Avoiding Duplicate Content Penalties
May 26th, 2009 by David Bradley >> 5 Comments
Duplicate content issues are not about plagiarism or syndication of your content, they are about the way Google, Microsoft, Yahoo, and other search engines handle your site’s content if they find two or more pages with similar text.
You might think that cannot possibly affect you, that you don’t make copies of your own site’s pages or anything. Think again, lots of content management systems (CMS) and blogging software, such as WordPress, create categories pages, pages that list snippets from pages with specific tags, archives and other such sections. These are all meant to benefit your readers by providing them with ways to get to all your great content even if they don’t have a direct link.
Unfortunately, search engine bots are stupid and simply see duplicated content. Whether or not they actually penalize sites is a moot point, but either way they will deprecate rankings of at least one of those pages with duplicated content. This could mean that your entry in the search engine results page (SERPs) will be cited as a sub-category listing rather than the page for your latest blog post.
Thankfully, the “big” three, G, MS, and Y! have announced their adoption of a solution to this problem, the so-called canonical link element. The element, placed in your sites head section will direct the search bot to the original content source on your site, guiding the bot away from any pages that essentially duplicate the content. This could be particularly beneficial not only for WordPress users but for ecommerce sites where complicated directory type web addresses are generated on the fly from database entries.

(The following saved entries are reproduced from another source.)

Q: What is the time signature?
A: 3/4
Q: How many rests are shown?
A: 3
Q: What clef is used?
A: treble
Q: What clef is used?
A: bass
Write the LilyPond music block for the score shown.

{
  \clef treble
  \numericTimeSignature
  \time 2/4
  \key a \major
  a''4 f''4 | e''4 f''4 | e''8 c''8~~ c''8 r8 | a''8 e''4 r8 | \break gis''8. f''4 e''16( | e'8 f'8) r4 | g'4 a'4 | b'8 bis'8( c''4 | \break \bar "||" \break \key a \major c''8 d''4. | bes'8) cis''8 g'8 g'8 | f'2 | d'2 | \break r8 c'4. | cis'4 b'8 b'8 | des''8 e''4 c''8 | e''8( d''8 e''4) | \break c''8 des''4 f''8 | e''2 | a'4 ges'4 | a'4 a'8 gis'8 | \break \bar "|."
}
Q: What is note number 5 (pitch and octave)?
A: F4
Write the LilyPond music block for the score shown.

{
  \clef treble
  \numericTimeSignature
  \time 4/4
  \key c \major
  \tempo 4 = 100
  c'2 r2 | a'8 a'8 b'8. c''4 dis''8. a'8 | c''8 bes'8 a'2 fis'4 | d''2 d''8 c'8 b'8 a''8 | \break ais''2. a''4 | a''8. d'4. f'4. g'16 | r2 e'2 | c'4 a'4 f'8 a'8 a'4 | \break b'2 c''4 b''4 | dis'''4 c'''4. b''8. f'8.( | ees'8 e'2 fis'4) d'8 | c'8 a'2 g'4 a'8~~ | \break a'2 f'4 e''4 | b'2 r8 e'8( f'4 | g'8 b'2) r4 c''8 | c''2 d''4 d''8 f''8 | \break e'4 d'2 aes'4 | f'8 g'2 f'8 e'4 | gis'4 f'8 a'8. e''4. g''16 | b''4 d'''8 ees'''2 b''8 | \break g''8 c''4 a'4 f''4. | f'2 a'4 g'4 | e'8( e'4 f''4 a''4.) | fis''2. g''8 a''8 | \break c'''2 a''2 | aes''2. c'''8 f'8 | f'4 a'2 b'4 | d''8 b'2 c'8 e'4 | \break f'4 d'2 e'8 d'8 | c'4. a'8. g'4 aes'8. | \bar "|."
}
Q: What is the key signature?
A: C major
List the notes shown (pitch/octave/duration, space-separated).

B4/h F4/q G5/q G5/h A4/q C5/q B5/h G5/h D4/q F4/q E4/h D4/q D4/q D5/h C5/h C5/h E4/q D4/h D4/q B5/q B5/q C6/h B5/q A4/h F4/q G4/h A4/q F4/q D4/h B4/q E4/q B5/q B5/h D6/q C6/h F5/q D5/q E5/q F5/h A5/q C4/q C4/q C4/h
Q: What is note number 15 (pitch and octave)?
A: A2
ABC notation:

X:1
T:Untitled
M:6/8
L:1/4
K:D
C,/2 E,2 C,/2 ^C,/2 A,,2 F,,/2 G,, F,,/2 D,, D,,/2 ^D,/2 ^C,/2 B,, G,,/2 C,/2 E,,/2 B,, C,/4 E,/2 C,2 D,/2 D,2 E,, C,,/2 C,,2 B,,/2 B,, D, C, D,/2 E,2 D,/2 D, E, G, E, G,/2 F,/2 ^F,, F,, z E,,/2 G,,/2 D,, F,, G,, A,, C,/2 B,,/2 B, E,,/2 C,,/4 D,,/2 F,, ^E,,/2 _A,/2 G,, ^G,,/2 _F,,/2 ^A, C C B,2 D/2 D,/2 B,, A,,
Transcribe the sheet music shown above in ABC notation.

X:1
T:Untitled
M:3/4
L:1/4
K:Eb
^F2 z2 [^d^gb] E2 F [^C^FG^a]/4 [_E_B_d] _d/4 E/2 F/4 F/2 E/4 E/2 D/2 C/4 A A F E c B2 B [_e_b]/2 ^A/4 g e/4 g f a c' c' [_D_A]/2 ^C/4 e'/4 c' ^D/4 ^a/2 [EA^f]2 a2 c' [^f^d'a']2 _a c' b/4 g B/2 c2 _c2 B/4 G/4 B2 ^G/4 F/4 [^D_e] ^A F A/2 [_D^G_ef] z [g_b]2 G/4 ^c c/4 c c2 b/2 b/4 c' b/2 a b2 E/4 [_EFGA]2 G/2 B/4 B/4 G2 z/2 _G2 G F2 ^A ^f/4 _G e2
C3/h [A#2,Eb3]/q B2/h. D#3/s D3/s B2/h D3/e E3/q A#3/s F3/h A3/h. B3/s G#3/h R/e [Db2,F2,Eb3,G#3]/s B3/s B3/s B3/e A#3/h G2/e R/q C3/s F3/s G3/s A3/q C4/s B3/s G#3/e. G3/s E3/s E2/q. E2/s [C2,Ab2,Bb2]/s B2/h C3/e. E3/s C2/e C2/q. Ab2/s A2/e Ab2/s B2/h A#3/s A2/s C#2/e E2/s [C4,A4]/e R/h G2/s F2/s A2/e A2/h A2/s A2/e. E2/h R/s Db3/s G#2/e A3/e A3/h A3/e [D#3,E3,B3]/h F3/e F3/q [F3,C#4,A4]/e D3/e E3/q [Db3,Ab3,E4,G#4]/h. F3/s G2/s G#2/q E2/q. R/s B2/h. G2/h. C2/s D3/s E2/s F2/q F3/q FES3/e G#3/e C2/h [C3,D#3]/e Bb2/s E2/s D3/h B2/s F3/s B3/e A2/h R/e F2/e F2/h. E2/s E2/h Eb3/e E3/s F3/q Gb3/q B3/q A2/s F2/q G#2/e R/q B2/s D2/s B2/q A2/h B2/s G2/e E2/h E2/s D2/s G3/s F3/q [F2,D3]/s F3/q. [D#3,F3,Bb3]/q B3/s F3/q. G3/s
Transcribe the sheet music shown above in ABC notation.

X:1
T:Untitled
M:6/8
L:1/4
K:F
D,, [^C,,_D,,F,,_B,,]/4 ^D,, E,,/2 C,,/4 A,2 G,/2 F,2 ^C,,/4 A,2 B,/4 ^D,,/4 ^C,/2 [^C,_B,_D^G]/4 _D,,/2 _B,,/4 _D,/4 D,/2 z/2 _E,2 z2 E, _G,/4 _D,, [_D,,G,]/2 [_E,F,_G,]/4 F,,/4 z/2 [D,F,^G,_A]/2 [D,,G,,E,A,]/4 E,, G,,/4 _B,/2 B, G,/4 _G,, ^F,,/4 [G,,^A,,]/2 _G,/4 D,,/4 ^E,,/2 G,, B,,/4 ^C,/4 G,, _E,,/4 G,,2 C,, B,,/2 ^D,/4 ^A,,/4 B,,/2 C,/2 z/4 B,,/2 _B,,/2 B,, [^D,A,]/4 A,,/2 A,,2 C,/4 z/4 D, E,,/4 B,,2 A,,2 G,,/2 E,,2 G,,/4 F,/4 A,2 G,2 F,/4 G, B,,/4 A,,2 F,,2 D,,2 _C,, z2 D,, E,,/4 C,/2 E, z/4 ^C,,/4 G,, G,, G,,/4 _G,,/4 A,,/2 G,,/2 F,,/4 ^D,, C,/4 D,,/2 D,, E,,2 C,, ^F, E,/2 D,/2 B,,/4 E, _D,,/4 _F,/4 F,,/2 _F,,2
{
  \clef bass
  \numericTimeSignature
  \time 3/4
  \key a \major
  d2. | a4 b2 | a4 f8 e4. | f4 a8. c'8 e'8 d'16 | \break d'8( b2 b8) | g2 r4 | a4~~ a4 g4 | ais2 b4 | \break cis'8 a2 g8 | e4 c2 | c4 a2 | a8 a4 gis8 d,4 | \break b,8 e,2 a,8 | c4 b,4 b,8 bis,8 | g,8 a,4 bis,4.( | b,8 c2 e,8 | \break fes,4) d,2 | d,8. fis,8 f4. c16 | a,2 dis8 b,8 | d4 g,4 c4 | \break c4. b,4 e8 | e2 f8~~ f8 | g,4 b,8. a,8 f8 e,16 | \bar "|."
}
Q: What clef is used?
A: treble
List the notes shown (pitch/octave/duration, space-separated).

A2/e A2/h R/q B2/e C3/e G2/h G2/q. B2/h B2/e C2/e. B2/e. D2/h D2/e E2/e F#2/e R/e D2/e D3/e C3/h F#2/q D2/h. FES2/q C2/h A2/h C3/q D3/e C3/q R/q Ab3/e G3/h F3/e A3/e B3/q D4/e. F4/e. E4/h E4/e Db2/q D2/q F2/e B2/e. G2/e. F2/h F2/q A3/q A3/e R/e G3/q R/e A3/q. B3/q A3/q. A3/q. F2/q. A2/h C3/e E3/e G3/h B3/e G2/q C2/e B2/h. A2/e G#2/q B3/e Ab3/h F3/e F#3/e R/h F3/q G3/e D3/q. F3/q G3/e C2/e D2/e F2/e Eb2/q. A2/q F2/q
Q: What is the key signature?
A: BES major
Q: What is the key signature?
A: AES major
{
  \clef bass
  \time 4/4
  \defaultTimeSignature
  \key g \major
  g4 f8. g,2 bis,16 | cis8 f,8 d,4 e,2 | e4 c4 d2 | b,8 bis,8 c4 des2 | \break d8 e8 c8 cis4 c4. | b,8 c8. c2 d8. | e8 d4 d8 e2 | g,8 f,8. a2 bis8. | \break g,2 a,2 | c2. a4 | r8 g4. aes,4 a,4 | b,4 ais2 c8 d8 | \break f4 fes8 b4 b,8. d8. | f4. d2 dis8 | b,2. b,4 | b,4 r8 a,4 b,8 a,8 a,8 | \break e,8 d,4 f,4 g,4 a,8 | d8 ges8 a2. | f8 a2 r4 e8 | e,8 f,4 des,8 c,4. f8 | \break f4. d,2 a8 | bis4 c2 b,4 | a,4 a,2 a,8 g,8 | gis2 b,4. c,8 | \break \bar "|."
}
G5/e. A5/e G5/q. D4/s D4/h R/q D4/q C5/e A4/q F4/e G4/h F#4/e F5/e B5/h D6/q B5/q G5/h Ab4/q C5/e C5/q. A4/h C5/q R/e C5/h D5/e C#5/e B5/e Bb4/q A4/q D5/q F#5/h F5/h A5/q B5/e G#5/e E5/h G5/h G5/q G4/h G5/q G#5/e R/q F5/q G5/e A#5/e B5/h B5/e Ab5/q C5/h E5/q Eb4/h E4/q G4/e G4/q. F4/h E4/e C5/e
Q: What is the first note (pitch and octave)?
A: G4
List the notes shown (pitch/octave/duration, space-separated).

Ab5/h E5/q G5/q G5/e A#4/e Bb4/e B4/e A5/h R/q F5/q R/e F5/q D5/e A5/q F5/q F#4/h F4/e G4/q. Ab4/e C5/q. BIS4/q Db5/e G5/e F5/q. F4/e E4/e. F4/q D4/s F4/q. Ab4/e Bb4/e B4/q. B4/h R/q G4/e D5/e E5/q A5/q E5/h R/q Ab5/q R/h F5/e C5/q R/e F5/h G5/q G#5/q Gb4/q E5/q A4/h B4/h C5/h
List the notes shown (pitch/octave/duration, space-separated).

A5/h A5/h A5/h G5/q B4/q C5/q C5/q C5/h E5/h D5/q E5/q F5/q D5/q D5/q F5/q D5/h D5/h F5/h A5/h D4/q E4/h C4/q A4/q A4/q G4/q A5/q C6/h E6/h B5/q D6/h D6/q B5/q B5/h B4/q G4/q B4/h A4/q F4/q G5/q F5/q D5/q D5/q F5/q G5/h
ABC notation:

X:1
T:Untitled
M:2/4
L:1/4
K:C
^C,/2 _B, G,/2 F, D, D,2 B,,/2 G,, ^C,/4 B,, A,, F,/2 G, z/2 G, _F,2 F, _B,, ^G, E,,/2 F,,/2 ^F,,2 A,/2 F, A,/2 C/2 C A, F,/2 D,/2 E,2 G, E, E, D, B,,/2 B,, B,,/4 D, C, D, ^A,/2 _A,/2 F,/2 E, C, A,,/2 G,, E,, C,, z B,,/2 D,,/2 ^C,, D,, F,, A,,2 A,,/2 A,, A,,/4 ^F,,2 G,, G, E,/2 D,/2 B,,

For example, your ecommerce site may create URLs that look like this:
http://www.example.com/page.html?sid=asdf314159265
whereas the actual content page is:
http://example.com/page.html
Adding the following to the head section of the page will fix the issue:
<link rel=”canonical” href=”http://example.com/page.html”/>
Google’s Matt Cutts explains things in this video
He also points out that Joost de Valk has produced plugins for WordPress, ecommerce package Magento, and Drupal that take care of adding the canonical link element automatically. Of course, if you aren’t suffering from duplicate content issues with your site and it’s ranking well, then I wouldn’t advise fixing something that ain’t broke. However, if you’re not seeing the pages you hoped to see in the SERPs and your site is not ranking properly, then give it a try, it could be the fix you need.
You should also check your www. versus non-www. and tell Google, via Webmaster Tools, which one of those you are using.
Just for the record, they announced the canonical link on the 200th birthday of Charles Darwin – February 12, 2009.

"Deceived Wisdom: Why What You Thought Was Right Is Wrong" from David Bradley. Available now on 


Leave a comment ↓
geekmom // May 26, 2009 at 8:14 pm
Thanks for the information on copied content. I’m wondering though, what happens if both pages have the header inserted?
David Bradley // May 27, 2009 at 7:59 am
Geekmom, which header? The canonical tag? Why would you add it to both pages the same? Not sure what you’re getting at…
Lasvak // Jun 1, 2009 at 1:14 pm
Google, Live and yahoo had many things (e.g. nofollow rel tag) that they agreed upon. Its a good time for them to start an official regulatory body where we can find outline of developing a site, so that we won’t have any issue with their search engines.
Good info.
Ronny // Jul 3, 2009 at 8:20 am
Thanks for the informative post. The popular search engines often diminish the real value of what they believe to be the duplicate content. Among the other search engines, Google is featured with a system called “footprint” or duplicate content checker that provides more weightage to the original content and includes it in the search engine’s index.
biz // Jul 11, 2009 at 9:09 pm
What is the risk of publish articles on isnare and ezine articles? Should I stop publishing them?